What’s the real meaning of Valentine’s Day?

Ellen Fitzpatrick

St. Valentine’s day used to be a day to celebrate the patron saint of love, but there is no doubt that it has transformed into a commercial holiday that only gives people an excuse to go out for a fancy meal.

It’s that time of year again where half the population are all loved up and planning their big Valentine’s date and the rest of us are sitting all alone giving chocolates to ourselves. Traditionally, Valentine’s day was a Christian festival celebrating the coming of spring and the pairing of men and women. By the 14th century it became known as Valentine’s day after a priest signed a letter “from your Valentine” to a loved one and the trend caught on. But is this really what it’s still all about, a day to show love?

Don’t get me wrong, it’s great that people let their loved ones know how they feel, but Valentine’s day has undoubtedly been taken advantage of by huge commercial organisations in order for them to sell pointless goods just because there’s a heart printed on it. The average American spends $512 on gifts for Valentine’s day, according to Fortune Magazine. This is an absurd amount of money to be spending on a ‘holiday’ that you don’t even get the day off work for. Greeting card companies alone made between $7 billion and $8 billion in 2016 according to Time magazine.

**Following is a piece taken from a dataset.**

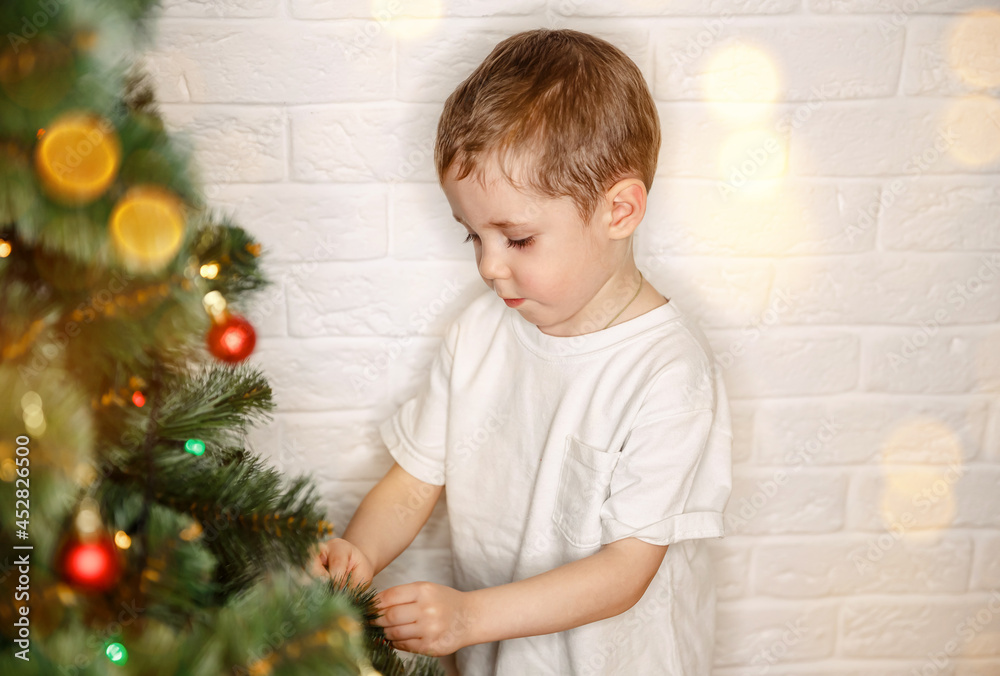Kid decorate Christmas tree at home. Child on Xmas eve. Family decorating Christmas tree with ornaments. Winter holidays. Helping mum with the tree. Christmas preparations. Merry Xmas, Happy Holidays Kid decorate Christmas tree at home. Child on Xmas eve. Family decorating Christmas tree with ornaments. Winter holidays. Helping mum with the tree. Christmas preparations. Merry Xmas, Happy Holidays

To be completely honest, the commercial aspect of Valentine’s day is only one of its problems. If we looking logically into it, why is there a designated day to show your loved ones how you feel: shouldn’t you be doing that every day? It’s like Mother’s and Father’s Day too. Shouldn’t we be appreciating these people in our lives every day of the year and not just the one specific day just because we can write it in a pretty card and buy some flowers?

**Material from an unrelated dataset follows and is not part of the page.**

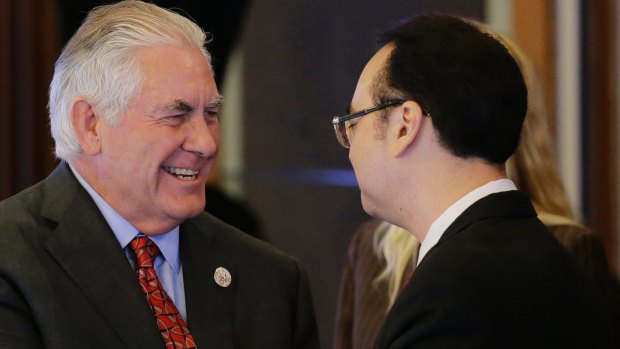 US State Secretary Rex Tillerson, left, is greeted by Philippine Foreign Affairs Secretary Allan Peter Cayetano in Manila.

On the other hand, it’s understandable why some people go nuts for Valentine’s day. It’s a day to spend with someone special to you and it gives you an excuse to be pampered in lovey dovey gifts and spoil someone else with the same thing. It can be a lot of fun and excitement. This isn’t suited to some people (including yours truly), which is fine too. 58.6% of 18-24-year olds are likely to go all out for the holiday, with 56.3% being female and 53.1% being male, again referring to Fortune Magazine. So, it really goes to show that it’s one of those things you either love or hate. There’s no in between.